Michael and I have been married 35 years. Neither has ever committed adultery. We have had a lot of years of difficult times and a lot of wonderful times. We have learned a lot about how to have a successful marriage. Here are some very basic tips that we have used over the years to keep our marriage strong, passionate and honoring.
1. Adultery is not an option. Say that out loud all day long.
2. Print out your wedding vows. Hang them on your bedroom wall. Read them out loud daily. Memorize them. When frustrated with your spouse or tempted to sin against them speak your vows out loud. Then choose to stand on them. Remember, you made these vows to God. One day you will give account to God as to how you kept your vows.
3. Find a friend or good counselor you can go to on as needed basis. Even great marriages need a sounding board to sort things out.
4. Always be a safe place for your spouse. That means they can tell you ANYTHING without you being offended. If you can always be honest with each other you will share your fears, temptations, hopes, dreams and desires.

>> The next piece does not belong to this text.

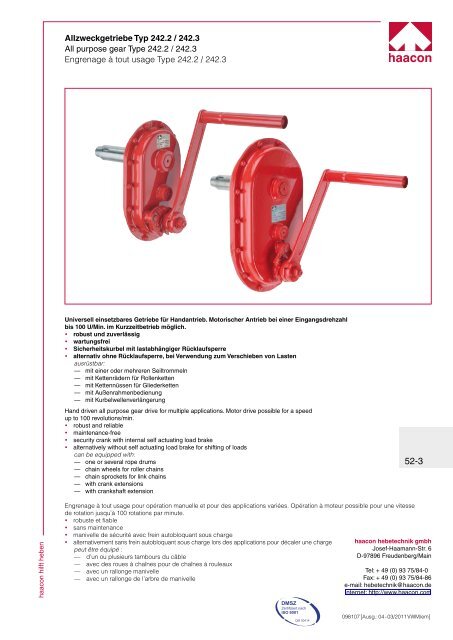 Allzweckgetriebe Typ 242.2 / 242.3 All purpose gear ... - Poduri rulante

You will never have to hide the truth.
5. Begin each day with a short devotional and a word of Prayer with your spouse.
6. Always say this “Let all that I do be done in Love.” Then stick to that word.
7. Never crush the other person. Just because you have the power to do it doesn’t make it right. Speak truth to each other with grace & kindness. Even when you are really, really mad.

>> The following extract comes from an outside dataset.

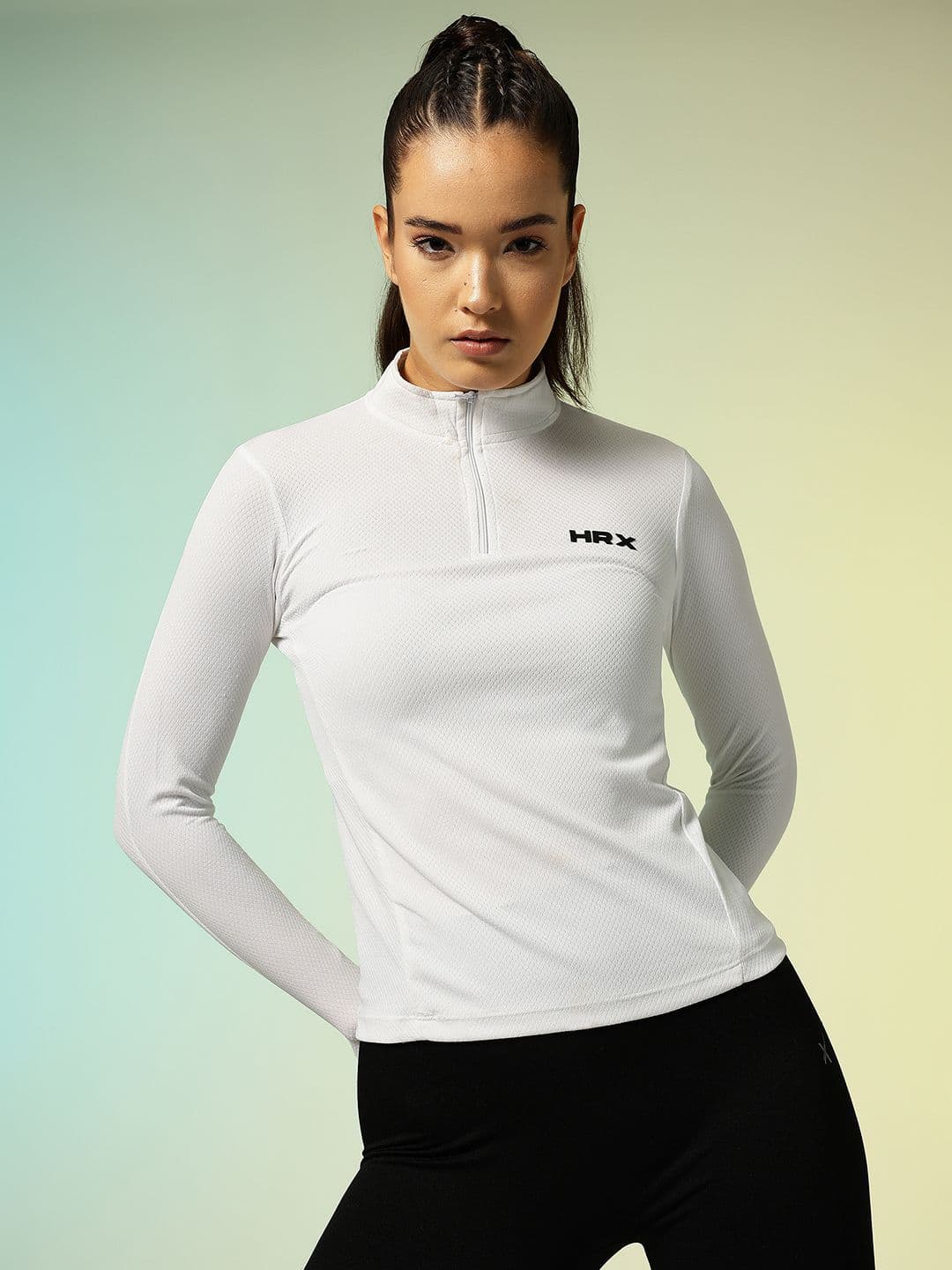 HRX by Hrithik Roshan Textured Mock Collar T-shirt - view 1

8. Periodically ask yourselves, on a scale of 0-10, how good is our marriage? If it’s below an 8 then find out why, what it will take to change it and then do it. Don’t settle for bad or mediocre. You were created for more than that.
9. Good marriages don’t just happen they are made each day, each hour, each minute. Be intentional. Purpose to have an amazing marriage.

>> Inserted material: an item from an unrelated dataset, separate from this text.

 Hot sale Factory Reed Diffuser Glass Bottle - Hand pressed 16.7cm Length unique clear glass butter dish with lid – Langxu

10. Each day find a way to tell your spouse how much you appreciate what they do for you. Be specific. Honor them and they will honor you.
11. Don’t get stuck in a rut. Regardless of how much or little money you have you can always find creative ways to do things different, new and romantic.
12. Never spend alone time with members of the opposite sex. Even in church. Satan is always waiting to LURE YOU into adultery. Not an option.
13. In public places (especially at the gym) keep your eyes down or straight forward when around members of the opposite sex. Even in church use wisdom. You don’t have to be friendly. I’d rather have a great marriage than a big social life and possible opportunity for sin.
14. When you are tempted by another person realize that “Your back door is open.” Lovingly tell your spouse how and why your needs are not getting met and that the other person is starting to meet them. Be honest until it hurts.
15. Once a year read the book Cherish together.
16. Post several romantic sayings in a kitchen cabinet and at least once a week read them out loud to your spouse while holding their hand.
17. Pray daily “Lord I can’t love ______________(spouses name) You love him/her through me.”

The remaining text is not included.